Friday, June 20, 2025

Dalals of Peace! When arsonists offer fire safety tips!

Raju Korti
I had a reason to chuckle when I read that Russian President Vladimir Putin has “graciously” offered to mediate peace between Israel and Iran. It is like the bull offering to supervise a china shop’s grand reopening. Of course, the Kremlin spin is all about diplomacy and de-escalation. But we all know that behind that measured tone lies the hallmark vodka of international hypocrisy -- distilled in barrels of geopolitical self-interest.

Peace brokering, once the domain of dispassionate saints and neutrals, is now an elite club of self-styled saviours with blood on their hands and contracts in their back pockets. Putin’s offer may sound noble, but this is the same Russia that has been carpet-bombing parts of Ukraine while shaking hands with Hamas and Iran, and simultaneously trying to rebrand itself as a peacemaker. That is like offering CPR lessons while holding someone underwater.

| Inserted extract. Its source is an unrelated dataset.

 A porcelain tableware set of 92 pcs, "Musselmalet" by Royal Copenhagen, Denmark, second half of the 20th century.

He isn’t alone in this pantheon of paradox. The United States, for instance, has long enjoyed its role as a serial peace broker -- offering olive branches in one hand while supplying F-16s and smart bombs with the other. Remember Trump’s “Deal of the Century”? It read less like a peace plan and more like a real estate brochure with armed footnotes. Yet, there he was, flanked by Benjamin Netanyahu and a few Gulf emissaries, like a wedding priest who didn’t bother checking if the bride and groom had ever met.

China, too, has now thrown its hat in the peace ring -- literally and figuratively -- with its recent forays into mediating between Iran and Saudi Arabia. A noble cause, perhaps, but coming from a nation that doesn’t blink while bulldozing dissent in Hong Kong or building artificial islands with military intent, it all seems part of a new "image rehab world tour.” This is Peace Manchurian!

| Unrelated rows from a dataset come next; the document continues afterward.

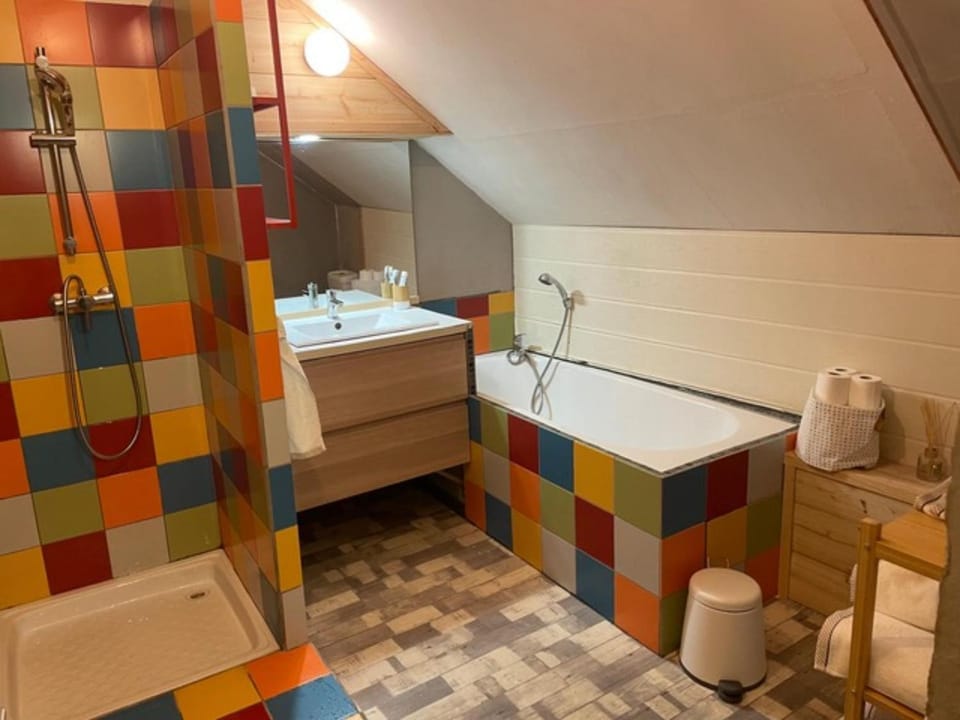 Bathroom, Living room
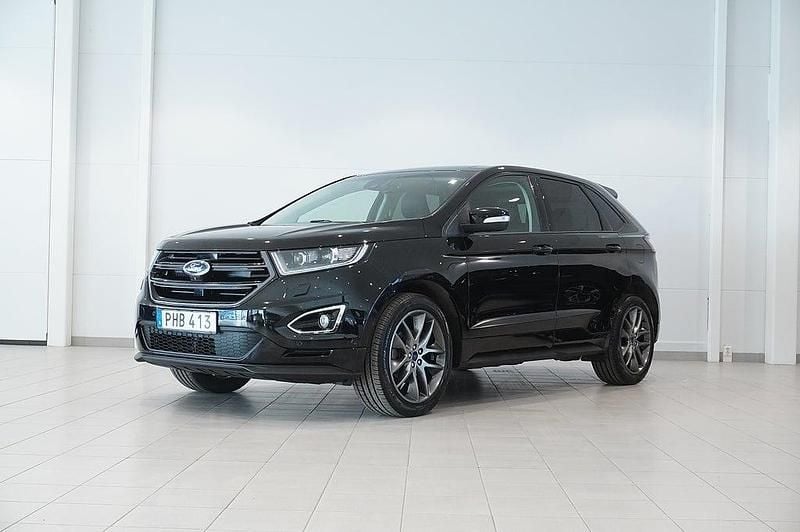 Svart Begagnad 2016 Ford Edge SUV | 219 800 kr (Marknadspris) - Bild 1/4
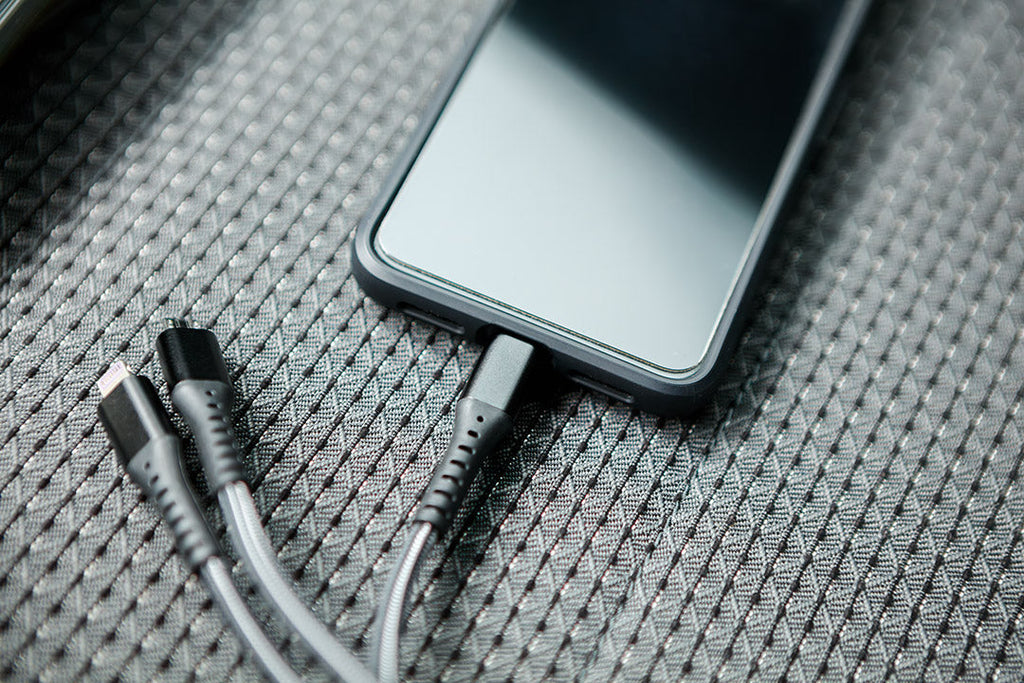 USB töltőkábel, 3az 1ben, 1.2m, USB-A bemenet, USB-C, Lightning, Micro USB kimenetek-1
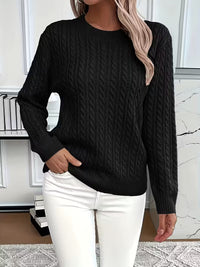 Pull en maille ajourée noir, col rond, manches longues en torsades.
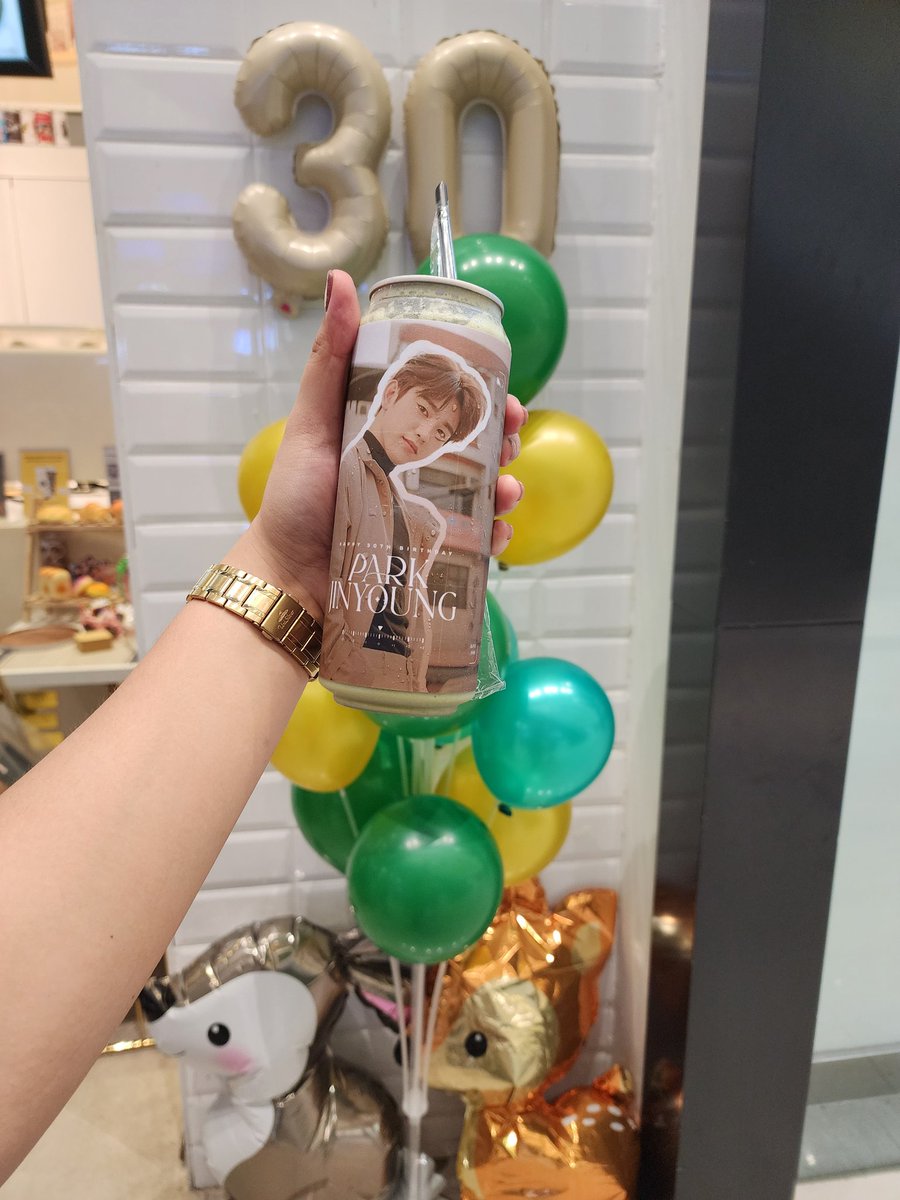aedlsy's tweet photo. Celebrated Jinyoung's 30th Birthday 📷 Behind the Lens 🎞 with my AhgaseBestie @marixcyj 

thank you for the event for our 🍑nyoung~ and also po sa album 🥹🫶
nice to meet you all &amp; see you again po ✨️😉

congrats po 👏🥰 @fandayne @jinyoungspeachy @thepeachyprio https://t.co/DauTOMEY2b
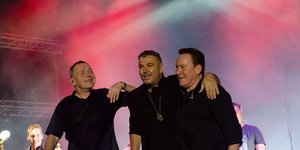 Αντώνης Ρέμος και UB40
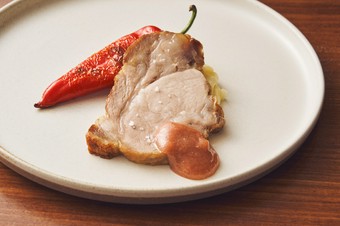 『福留豚の肩ロースのロースト　ルバーブソースを添えて』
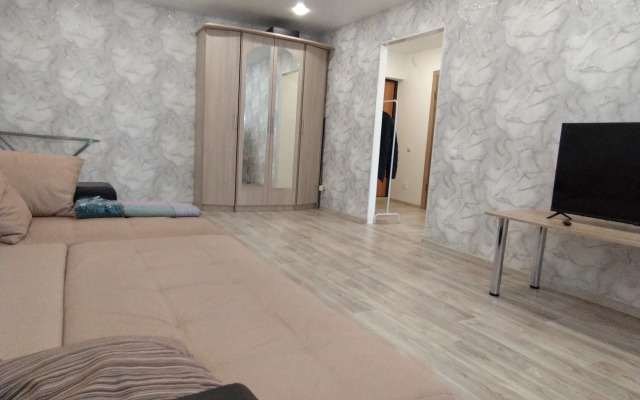 Yamalskiy 2 Flat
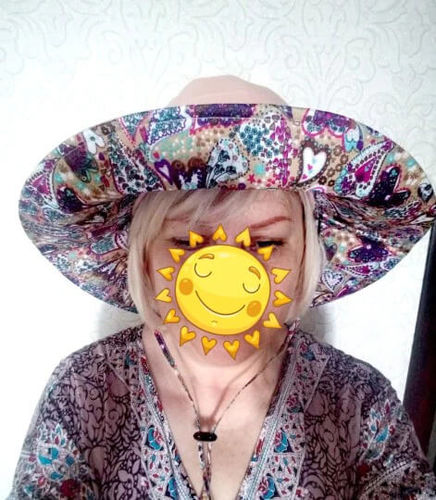 Customer photo review of Foldable Button Brim Hat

Even North Korea -- yes, the Hermit Kingdom – has offered mediation at times, usually sandwiched between missile tests and threats of “sea of fire” rhetoric. If ever proof was needed that international relations are surreal, there you have it.

Let’s not forget Turkey, which under Erdoğan’s rule, tries to swing between NATO, Russia, and various Islamic blocs depending on which way the wind (and economic aid) is blowing. It once positioned itself as a peace conduit during the early Syria war days while offering passage to every shade of rebel from moderate to medieval.

And of course, there’s Pakistan. A nation with a long record of nurturing non-state actors offering to “facilitate” peace in Afghanistan, Kashmir, or any place where a microphone is available. It is the geopolitical equivalent of a fox applying for poultry farm security.

The irony of all this is not just in the hypocrisy. It is in the fact that these peace brokers rarely succeed. Their mediation is less about lasting solutions and more about leverage. Offering to broker peace gives them a seat at the table, headlines in the media, and sometimes a temporary halo over a soiled track record. It is often about optics, not outcomes.

And yet, the world plays along. Because peace, however thinly veiled or insincerely offered, is a desirable narrative. It keeps markets from panicking, voters from rioting, and international summits from becoming food fights.

So, is peace brokering a holier-than-thou pastime? Maybe. But it is also a deeply cynical charade that’s become international theatre. The script is familiar: start a fire, fan it a bit, and then arrive with buckets (or sponsors). Rinse, repeat, Nobel Peace nomination.

Everyone wants to be the fireman – but not without first striking the match.